Argentina's Bond Fight Comes Down to Its Worst Bonds

An offer of 730 cents on the dollar doesn't look like enough.

We've talked a lot about Argentina's sovereign-debt saga, but now that it is perhaps drawing to a close I'd like to tell the story again, from a slightly different perspective. (If you want it from the regular perspective, you know where to go. ) This version of the story starts in 1998, when Argentina issued some bonds called floating rate accrual notes. The FRANs were due in 2005, and their floating interest rate was based on the market yields of other, fixed-rate Argentine debt. The idea was that if Argentina's credit deteriorated, holders of these bonds would be compensated in the form of a higher interest rate. This sounds like a sensible enough idea. It was a terrible, terrible idea.

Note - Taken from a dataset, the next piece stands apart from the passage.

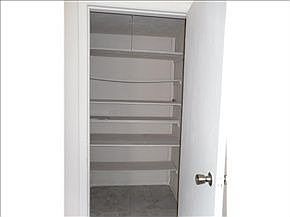 5th image of 10333 Newcastle Dr
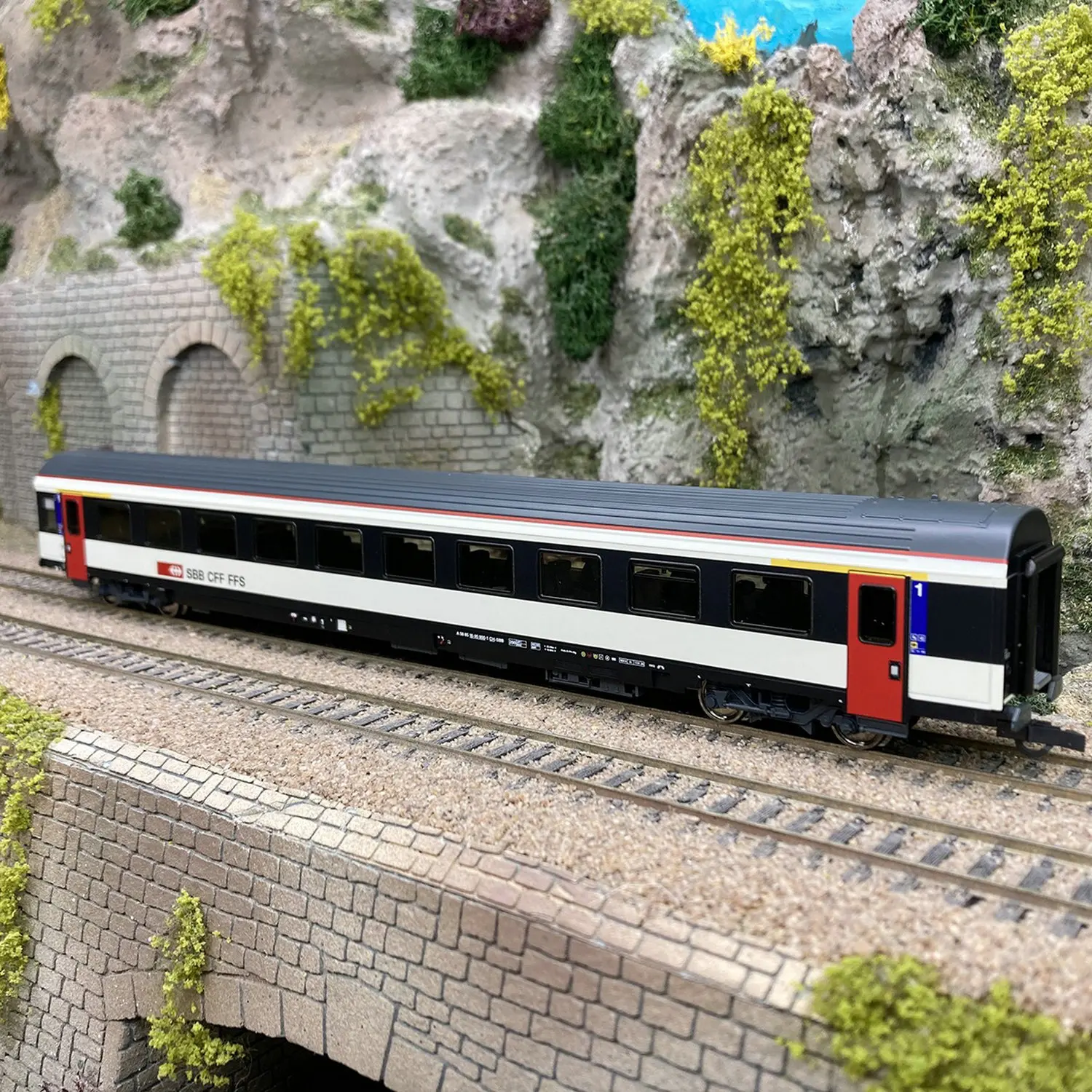 HO Typ 1/87 Zugmodell ROCO 74474/74475/74476/74477 Erst- und zweiter Klasse-Passagierwagen Mehrere optionale Zugspielzeuge Image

Argentina's credit deteriorated. It defaulted on its bonds in 2001. In one obvious way, this was bad for the FRAN holders: They stopped getting paid. But in another, much more theoretical way, it was great for the FRAN holders: The interest rate on their bonds, which was meant to reflect the risk of Argentina's sovereign credit, went up as Argentina approached and then tipped into default. At one point, just before the 2005 maturity of the FRANs, the holders were supposed to get paid an astonishing 101 percent per year. Of course, they were actually getting paid nothing, so this did them no immediate good. But there they were, with a document saying they were supposed to get 101 percent a year. Remember that document, which has Chekhovian significance in this story.